[[ EXERCISE MATERIALS open ]]

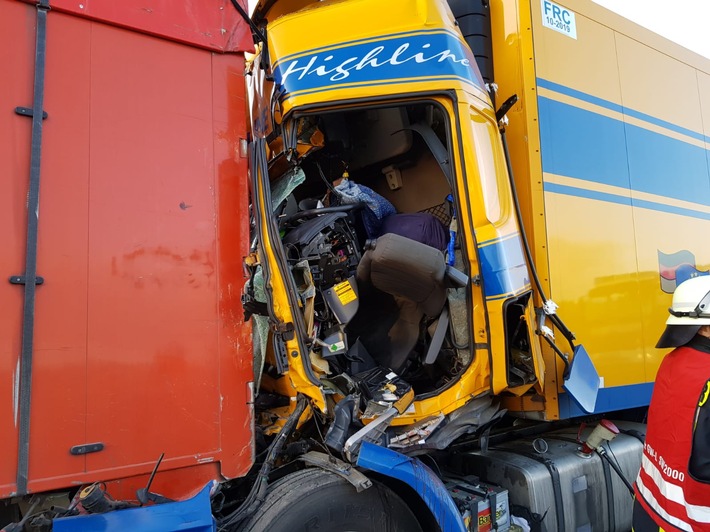 POL-VER: ++Wieder schwerer Unfall am Stauende - Lkw-Fahrer stirbt in den Trümmern seines Führerhauses++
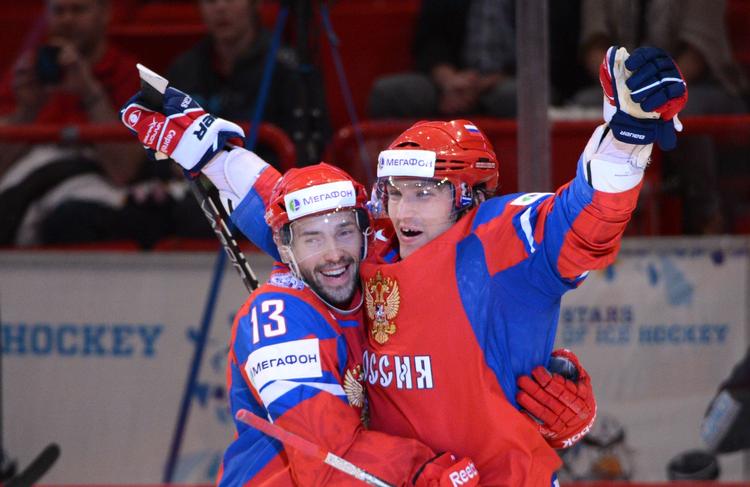 5-2. Det tog sin tid, inden Pavel Datsyuk (tv.) og Alexander Ovechkin (th.) kunne fejre sejren over Norge. 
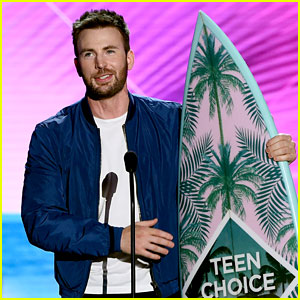 Captain America's Chris Evans Wins Big at Teen Choice Awards 2016!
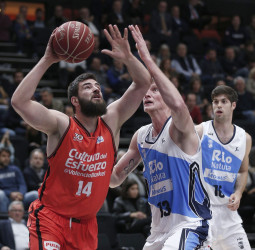 Un paso más cerca del Valencia Basket para ser cabeza de serie (84-75)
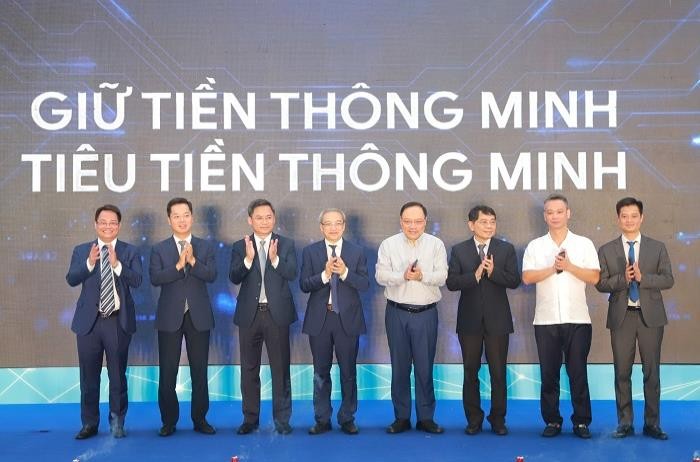 Các đại biểu tham dự tại sự kiện “Phát động thanh toán không dùng tiền mặt trên địa bàn quận Hoàn Kiếm”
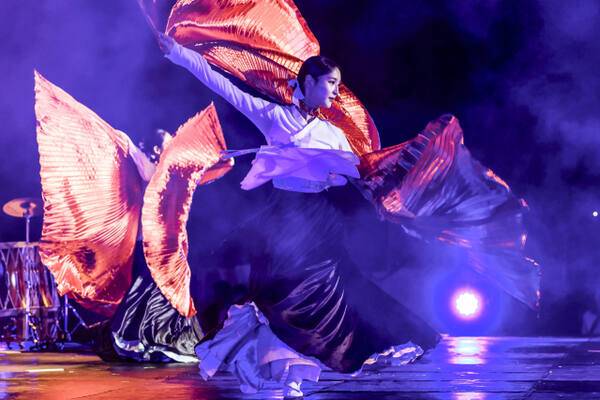 27일 정조효문화제 개막식에서 무용수가 공연을 펼치고 있다. 화성특례시 제공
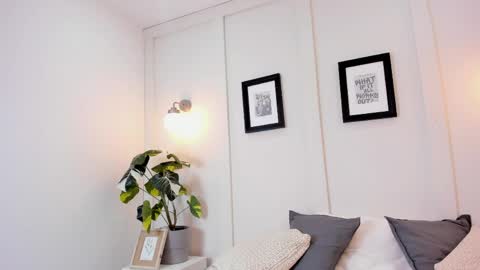 Noah  online show from April 6, 9:27 pm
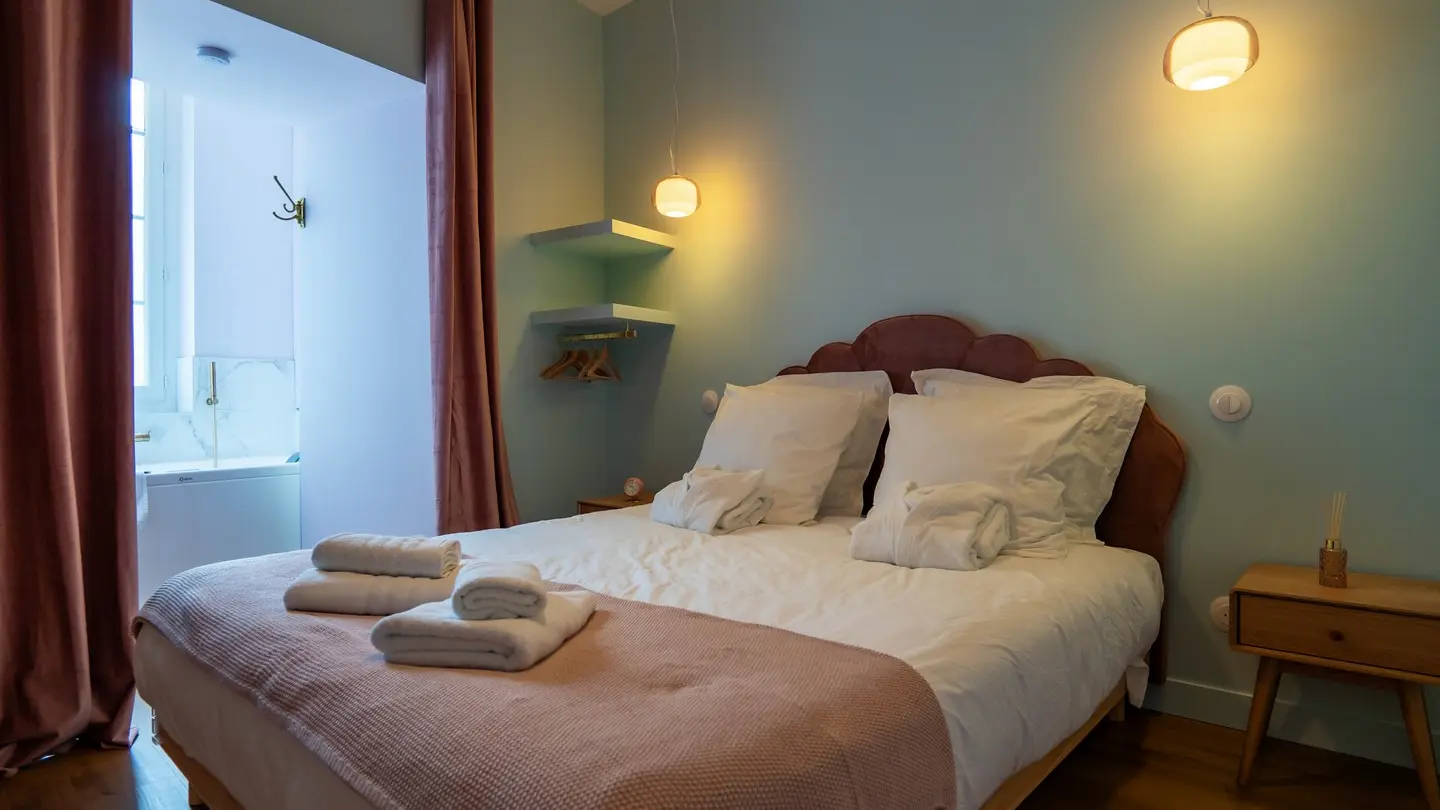 Meublé dinner room - Pau -  chambre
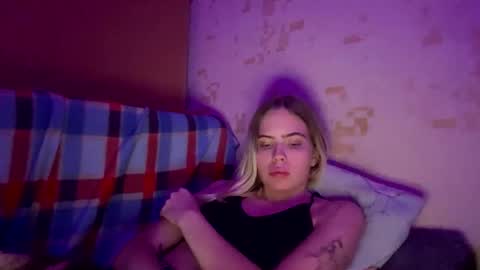 jessika_evans online show from January 16, 9:19 pm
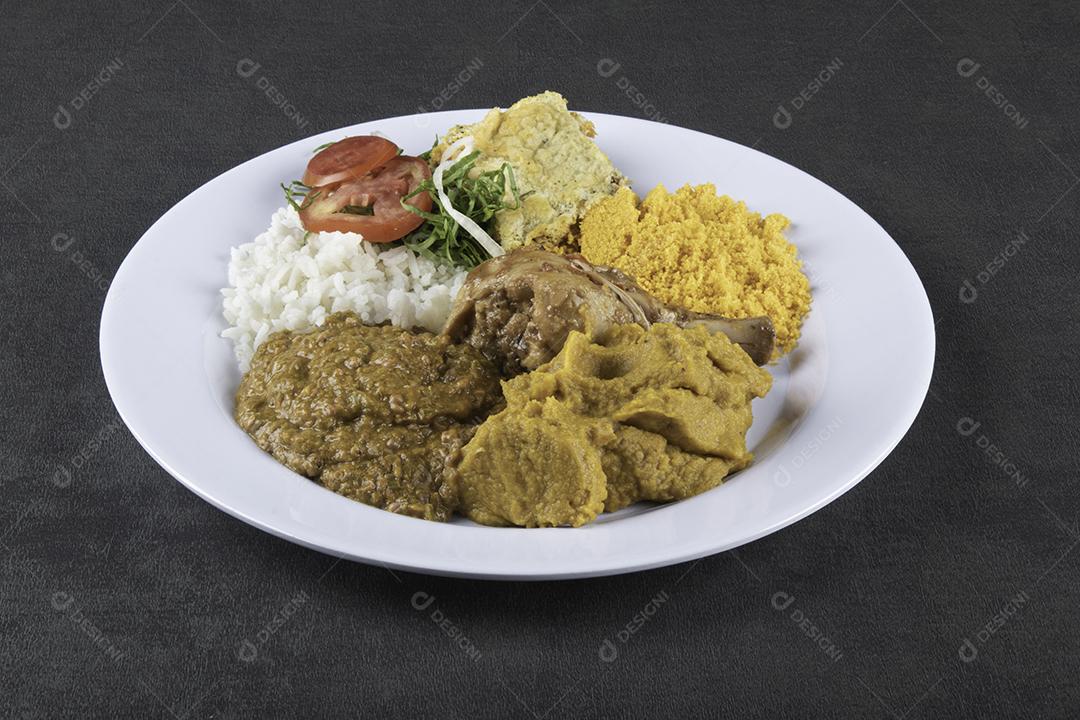 Foto Caruru Comida Típica Brasileira da Bahia Com Vista Superior de Fundo Branco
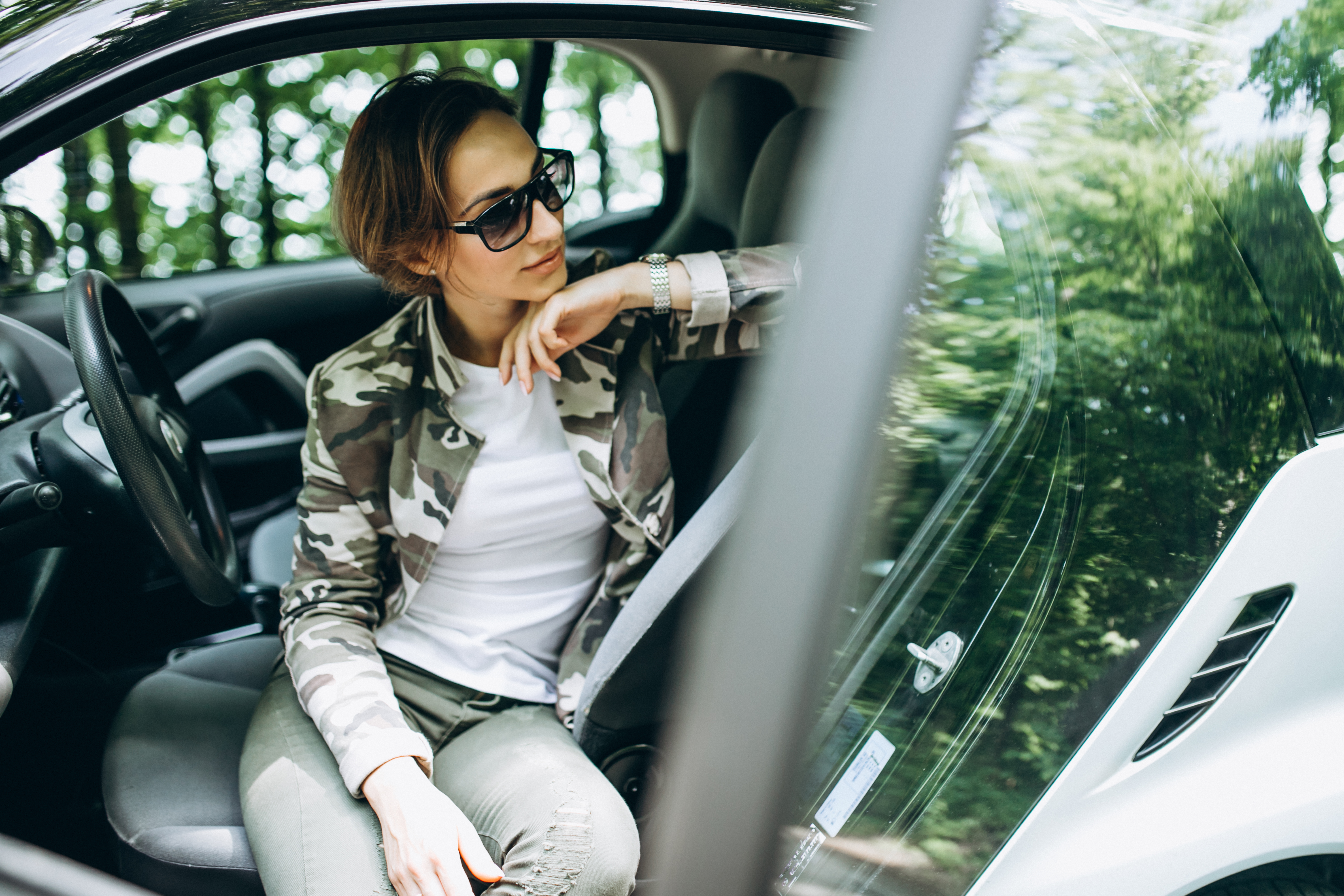 Which Sunglasses Are Best for Driving in Bright Sunlight?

[[ EXERCISE MATERIALS closed ]]

WHAT IS EXPECTED
The expected answer is an unaltered copy of the listing, images removed.

RESULT OF THE EXERCISE
 POL-VER: ++Wieder schwerer Unfall am Stauende - Lkw-Fahrer stirbt in den Trümmern seines Führerhauses++
 5-2. Det tog sin tid, inden Pavel Datsyuk (tv.) og Alexander Ovechkin (th.) kunne fejre sejren over Norge. 
 Captain America's Chris Evans Wins Big at Teen Choice Awards 2016!
 Un paso más cerca del Valencia Basket para ser cabeza de serie (84-75)
 Các đại biểu tham dự tại sự kiện “Phát động thanh toán không dùng tiền mặt trên địa bàn quận Hoàn Kiếm”
 27일 정조효문화제 개막식에서 무용수가 공연을 펼치고 있다. 화성특례시 제공
 Noah  online show from April 6, 9:27 pm
 Meublé dinner room - Pau -  chambre
 jessika_evans online show from January 16, 9:19 pm
 Foto Caruru Comida Típica Brasileira da Bahia Com Vista Superior de Fundo Branco
 Which Sunglasses Are Best for Driving in Bright Sunlight?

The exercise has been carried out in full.